When he continued to stare at her unblinking, she almost, almost shifted nervously on her feet. She wasn’t above admitting the fear had frozen her limbs unmoving, there was no way she could run away now. Not even if she wanted to. “Sit and drink.” 

She glanced down at the desk, at the tray of coffee, orange juice and bottled water. She reached for a water bottle but remained standing, “Should I be offended that you come armed to a meeting with me?” He asked curiously. “Or should I be offended that I offer you my hospitality and yet, you remain still.” 

Oh, she had screwed up alright. All of her nerves screamed for her to obey every word he said and yet, every instinct screamed that she should remain standing, ready to fight. Even if they came to blows, she knew she’d die instantly. There was nothing more jarring to one’s reality than being in the same room as Archangel. “You asked for a hunter, a hunter will come armed. It is what is expected of us, it is what we are taught from the Order.” She forced herself to uncap the water and take a sip hoping to mollify him, “I stand because if I sit, I’ll probably melt to a puddle in fear.” 

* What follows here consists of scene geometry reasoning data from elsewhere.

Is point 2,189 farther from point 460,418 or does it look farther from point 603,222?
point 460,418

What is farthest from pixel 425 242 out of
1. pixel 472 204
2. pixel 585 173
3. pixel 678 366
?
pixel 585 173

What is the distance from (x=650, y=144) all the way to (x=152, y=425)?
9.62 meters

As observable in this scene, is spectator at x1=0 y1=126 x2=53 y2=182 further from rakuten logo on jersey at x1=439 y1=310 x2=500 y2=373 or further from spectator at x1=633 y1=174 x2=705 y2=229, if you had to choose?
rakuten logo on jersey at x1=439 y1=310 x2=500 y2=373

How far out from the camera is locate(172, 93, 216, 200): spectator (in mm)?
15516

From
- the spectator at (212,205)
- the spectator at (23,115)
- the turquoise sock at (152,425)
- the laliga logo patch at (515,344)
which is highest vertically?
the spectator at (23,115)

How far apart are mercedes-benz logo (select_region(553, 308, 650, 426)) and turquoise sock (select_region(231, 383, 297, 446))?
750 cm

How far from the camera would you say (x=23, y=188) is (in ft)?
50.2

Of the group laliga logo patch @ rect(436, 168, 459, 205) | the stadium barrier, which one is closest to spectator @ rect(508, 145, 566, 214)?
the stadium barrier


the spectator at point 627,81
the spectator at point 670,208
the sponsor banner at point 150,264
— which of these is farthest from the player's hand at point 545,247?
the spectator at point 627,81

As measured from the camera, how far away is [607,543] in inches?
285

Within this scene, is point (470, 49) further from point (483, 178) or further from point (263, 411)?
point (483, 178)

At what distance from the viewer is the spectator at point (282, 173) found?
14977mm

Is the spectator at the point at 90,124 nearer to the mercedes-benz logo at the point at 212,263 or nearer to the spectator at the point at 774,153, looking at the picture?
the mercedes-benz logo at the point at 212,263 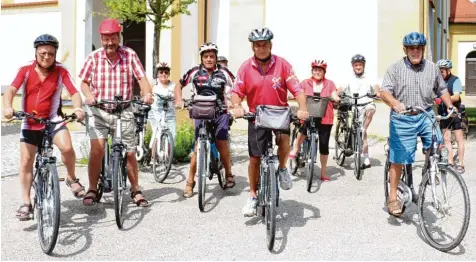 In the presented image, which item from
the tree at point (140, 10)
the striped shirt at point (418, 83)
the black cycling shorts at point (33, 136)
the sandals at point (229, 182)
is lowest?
the sandals at point (229, 182)

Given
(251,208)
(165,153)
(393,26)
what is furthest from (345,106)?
(393,26)

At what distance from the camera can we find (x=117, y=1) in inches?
368

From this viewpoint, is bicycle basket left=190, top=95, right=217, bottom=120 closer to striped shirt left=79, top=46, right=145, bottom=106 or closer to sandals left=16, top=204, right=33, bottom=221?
striped shirt left=79, top=46, right=145, bottom=106

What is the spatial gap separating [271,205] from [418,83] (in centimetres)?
194

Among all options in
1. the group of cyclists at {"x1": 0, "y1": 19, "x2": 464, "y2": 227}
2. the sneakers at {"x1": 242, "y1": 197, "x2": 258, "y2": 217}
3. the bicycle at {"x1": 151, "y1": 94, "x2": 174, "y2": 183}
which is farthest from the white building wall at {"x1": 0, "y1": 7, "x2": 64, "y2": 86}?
the sneakers at {"x1": 242, "y1": 197, "x2": 258, "y2": 217}

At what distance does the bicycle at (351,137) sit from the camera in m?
8.14

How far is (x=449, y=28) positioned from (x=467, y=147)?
2594 centimetres

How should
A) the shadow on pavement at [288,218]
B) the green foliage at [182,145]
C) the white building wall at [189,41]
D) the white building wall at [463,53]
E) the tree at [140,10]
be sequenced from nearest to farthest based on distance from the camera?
1. the shadow on pavement at [288,218]
2. the tree at [140,10]
3. the green foliage at [182,145]
4. the white building wall at [189,41]
5. the white building wall at [463,53]

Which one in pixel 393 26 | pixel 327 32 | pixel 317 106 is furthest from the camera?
pixel 327 32

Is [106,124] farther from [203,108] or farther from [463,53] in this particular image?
[463,53]

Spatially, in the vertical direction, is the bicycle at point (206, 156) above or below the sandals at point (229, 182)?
above

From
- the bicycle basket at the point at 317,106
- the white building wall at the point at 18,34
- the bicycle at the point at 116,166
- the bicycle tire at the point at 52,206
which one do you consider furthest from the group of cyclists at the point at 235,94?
the white building wall at the point at 18,34

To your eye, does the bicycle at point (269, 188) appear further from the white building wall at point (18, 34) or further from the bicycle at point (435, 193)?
the white building wall at point (18, 34)

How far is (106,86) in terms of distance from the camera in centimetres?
591
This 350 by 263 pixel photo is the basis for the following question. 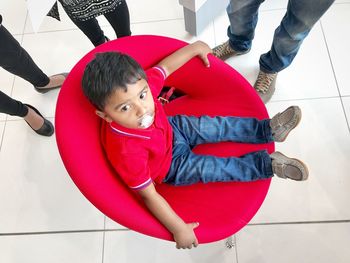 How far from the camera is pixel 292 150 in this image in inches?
52.6

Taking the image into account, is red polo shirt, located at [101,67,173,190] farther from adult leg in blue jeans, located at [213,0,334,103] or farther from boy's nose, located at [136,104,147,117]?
adult leg in blue jeans, located at [213,0,334,103]

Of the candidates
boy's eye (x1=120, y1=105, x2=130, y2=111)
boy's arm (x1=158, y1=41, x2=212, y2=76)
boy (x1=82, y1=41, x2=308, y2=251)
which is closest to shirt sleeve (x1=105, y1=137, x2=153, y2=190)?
boy (x1=82, y1=41, x2=308, y2=251)

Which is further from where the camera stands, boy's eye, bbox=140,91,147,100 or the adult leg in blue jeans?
the adult leg in blue jeans

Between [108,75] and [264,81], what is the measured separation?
0.81m

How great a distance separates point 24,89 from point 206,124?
97 centimetres

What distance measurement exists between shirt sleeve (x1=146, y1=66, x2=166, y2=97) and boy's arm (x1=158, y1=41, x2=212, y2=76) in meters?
0.02

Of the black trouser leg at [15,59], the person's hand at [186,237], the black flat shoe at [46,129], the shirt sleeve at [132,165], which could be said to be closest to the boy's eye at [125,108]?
the shirt sleeve at [132,165]

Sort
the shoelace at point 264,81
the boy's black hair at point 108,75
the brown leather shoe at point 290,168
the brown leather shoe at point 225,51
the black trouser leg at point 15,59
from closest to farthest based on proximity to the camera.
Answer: the boy's black hair at point 108,75
the brown leather shoe at point 290,168
the black trouser leg at point 15,59
the shoelace at point 264,81
the brown leather shoe at point 225,51

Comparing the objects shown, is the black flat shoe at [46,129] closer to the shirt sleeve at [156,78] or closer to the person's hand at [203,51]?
the shirt sleeve at [156,78]

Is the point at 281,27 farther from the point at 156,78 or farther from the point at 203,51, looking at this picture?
the point at 156,78

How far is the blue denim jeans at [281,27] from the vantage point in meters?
0.99

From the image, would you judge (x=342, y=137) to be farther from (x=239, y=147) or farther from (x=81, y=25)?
(x=81, y=25)

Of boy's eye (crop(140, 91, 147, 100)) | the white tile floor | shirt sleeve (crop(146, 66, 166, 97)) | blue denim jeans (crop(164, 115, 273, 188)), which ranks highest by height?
boy's eye (crop(140, 91, 147, 100))

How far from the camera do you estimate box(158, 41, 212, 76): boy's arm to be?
39.0 inches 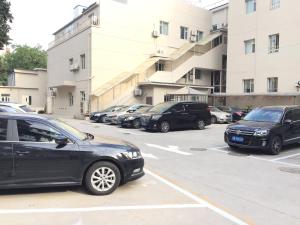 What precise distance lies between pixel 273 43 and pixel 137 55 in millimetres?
13588

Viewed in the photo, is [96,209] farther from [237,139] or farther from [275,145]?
[275,145]

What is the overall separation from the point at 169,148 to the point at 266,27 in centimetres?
2228

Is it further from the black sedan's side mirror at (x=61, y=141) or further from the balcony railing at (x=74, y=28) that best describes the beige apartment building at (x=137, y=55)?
the black sedan's side mirror at (x=61, y=141)

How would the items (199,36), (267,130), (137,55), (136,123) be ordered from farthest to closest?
(199,36)
(137,55)
(136,123)
(267,130)

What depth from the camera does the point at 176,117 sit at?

He quirked a brow, “You tell me of your weakness?” 

A self-deprecating grin tugged on her lips, “You know you inspire fear, I am no different than the ants you want to burn.” 

He blinked, “Then stand, hunter. I will not find offence this morning.” 

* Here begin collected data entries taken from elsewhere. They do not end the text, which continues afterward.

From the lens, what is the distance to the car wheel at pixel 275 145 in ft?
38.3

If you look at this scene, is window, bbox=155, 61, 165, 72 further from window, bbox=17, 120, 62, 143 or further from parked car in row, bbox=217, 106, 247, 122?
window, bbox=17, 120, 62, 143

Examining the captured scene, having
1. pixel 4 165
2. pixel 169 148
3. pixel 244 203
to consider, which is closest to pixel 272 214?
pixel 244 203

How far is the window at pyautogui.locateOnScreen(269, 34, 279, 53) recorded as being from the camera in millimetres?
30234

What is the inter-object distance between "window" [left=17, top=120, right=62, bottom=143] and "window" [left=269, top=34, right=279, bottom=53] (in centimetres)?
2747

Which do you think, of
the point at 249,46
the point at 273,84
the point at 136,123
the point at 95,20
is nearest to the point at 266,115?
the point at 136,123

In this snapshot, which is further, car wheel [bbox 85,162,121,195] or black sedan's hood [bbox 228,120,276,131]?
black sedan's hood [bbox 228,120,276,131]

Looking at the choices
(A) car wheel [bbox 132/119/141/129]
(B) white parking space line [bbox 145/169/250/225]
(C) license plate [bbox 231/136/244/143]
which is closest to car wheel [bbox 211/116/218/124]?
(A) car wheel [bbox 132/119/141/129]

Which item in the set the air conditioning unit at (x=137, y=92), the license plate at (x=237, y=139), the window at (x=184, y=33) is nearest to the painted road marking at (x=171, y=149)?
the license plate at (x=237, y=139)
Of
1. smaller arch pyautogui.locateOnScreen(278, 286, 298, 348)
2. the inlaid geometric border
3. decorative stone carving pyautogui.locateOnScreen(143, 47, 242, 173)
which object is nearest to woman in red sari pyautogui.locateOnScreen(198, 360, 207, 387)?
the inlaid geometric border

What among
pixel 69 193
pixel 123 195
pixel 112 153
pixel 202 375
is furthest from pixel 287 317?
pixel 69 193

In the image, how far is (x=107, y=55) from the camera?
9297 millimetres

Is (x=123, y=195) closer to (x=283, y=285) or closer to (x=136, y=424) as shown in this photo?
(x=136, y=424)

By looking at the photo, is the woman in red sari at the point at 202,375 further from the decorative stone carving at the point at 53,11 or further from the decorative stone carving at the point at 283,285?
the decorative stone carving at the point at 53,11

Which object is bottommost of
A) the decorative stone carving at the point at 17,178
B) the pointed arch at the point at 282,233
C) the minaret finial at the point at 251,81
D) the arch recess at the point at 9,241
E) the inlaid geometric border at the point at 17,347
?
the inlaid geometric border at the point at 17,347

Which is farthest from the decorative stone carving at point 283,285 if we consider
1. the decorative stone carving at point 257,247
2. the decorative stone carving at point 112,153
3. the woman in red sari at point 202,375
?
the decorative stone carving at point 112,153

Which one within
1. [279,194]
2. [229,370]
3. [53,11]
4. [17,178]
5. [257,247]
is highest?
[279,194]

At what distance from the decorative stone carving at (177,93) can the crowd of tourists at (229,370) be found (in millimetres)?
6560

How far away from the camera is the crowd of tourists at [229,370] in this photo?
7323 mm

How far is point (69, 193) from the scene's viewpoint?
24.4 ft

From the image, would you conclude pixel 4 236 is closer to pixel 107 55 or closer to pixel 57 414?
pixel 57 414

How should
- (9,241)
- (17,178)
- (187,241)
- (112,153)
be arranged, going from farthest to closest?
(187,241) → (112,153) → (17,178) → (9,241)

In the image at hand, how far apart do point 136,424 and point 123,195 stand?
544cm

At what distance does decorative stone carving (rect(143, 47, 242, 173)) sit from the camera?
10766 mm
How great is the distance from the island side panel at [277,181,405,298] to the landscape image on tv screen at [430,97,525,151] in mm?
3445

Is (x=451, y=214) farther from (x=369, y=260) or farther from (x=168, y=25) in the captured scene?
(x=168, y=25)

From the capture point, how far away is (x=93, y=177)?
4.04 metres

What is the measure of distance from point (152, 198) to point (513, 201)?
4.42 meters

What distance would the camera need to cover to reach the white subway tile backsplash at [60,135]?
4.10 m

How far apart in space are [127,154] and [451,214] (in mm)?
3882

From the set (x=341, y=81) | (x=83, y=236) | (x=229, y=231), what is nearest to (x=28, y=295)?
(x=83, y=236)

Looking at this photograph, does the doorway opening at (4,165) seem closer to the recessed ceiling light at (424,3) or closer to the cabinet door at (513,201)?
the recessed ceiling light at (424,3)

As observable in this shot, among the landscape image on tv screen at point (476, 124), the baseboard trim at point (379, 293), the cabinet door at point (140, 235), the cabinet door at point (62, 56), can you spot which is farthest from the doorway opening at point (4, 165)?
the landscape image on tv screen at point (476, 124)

She wanted to tell him that she was not the Order’s best hunter but then she’d have to bring up the Hound. The Hound was what fellow hunters called Aurelia, a scent hunter with the strongest olfaction sense she’d ever seen. They weren’t friends, the Order’s Judgement should have no friends to remain seemingly unbiased but secretly, Calla cared for the other hunter. With her naturally platinum hair so bright it edged on being white and her startling green eyes that seemed to dismantle Calla’s defences, Aurelia had always been nothing but kind to her. They didn’t cross paths all that much, Calla made sure to steer clear but whenever Aurelia was near, Calla had done her best to protect the other hunter. Aurelia was everything Calla ever wanted in a friend.

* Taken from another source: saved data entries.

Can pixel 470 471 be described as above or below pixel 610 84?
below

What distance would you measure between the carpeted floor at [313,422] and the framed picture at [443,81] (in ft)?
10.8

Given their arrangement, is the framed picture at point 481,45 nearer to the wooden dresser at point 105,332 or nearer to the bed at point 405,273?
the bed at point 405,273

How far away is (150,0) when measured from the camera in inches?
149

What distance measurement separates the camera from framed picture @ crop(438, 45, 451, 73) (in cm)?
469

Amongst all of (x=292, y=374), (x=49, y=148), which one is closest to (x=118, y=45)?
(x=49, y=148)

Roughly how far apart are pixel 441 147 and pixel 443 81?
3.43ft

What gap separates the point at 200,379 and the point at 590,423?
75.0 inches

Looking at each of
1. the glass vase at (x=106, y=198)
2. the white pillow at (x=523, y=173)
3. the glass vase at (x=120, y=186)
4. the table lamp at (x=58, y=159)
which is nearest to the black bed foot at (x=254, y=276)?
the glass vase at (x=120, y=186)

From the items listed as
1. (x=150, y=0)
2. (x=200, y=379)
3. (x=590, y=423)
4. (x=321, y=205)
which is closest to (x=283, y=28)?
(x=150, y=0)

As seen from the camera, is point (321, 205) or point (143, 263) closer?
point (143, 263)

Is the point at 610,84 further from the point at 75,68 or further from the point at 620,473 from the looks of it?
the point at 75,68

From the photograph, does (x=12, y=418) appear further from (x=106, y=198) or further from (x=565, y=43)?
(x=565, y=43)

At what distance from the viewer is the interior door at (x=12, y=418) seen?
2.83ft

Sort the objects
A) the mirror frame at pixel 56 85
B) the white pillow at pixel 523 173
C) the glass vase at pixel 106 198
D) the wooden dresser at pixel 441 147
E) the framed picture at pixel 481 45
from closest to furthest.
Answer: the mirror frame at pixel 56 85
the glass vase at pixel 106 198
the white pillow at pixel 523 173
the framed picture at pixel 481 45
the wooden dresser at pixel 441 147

“The Director tells me that you are not the strongest hunter.” 

It was her turn to blink. “No, I am not.” 

“I have no need for a scent hound.” He waved away the thought. “You have other talents.” 

“Yes.” 

“You are the Order’s Nightmare.” 

She nodded, somehow coming from the Archangel, it sounded perfectly normal, “I am its Judgement, yes.” 

“Tell me more.” He said and stepped around his desk to lean against the edge, facing her with almost a bored air around him. 

“I keep other hunters in line and if they break the Order’s code, I--” 

“Put them down?” He murmured. 

“Yes, I put them down.” 

“So you are its assassin then.” 

“No.” 

“No?” 

“No. There are strict codes that must be followed--” 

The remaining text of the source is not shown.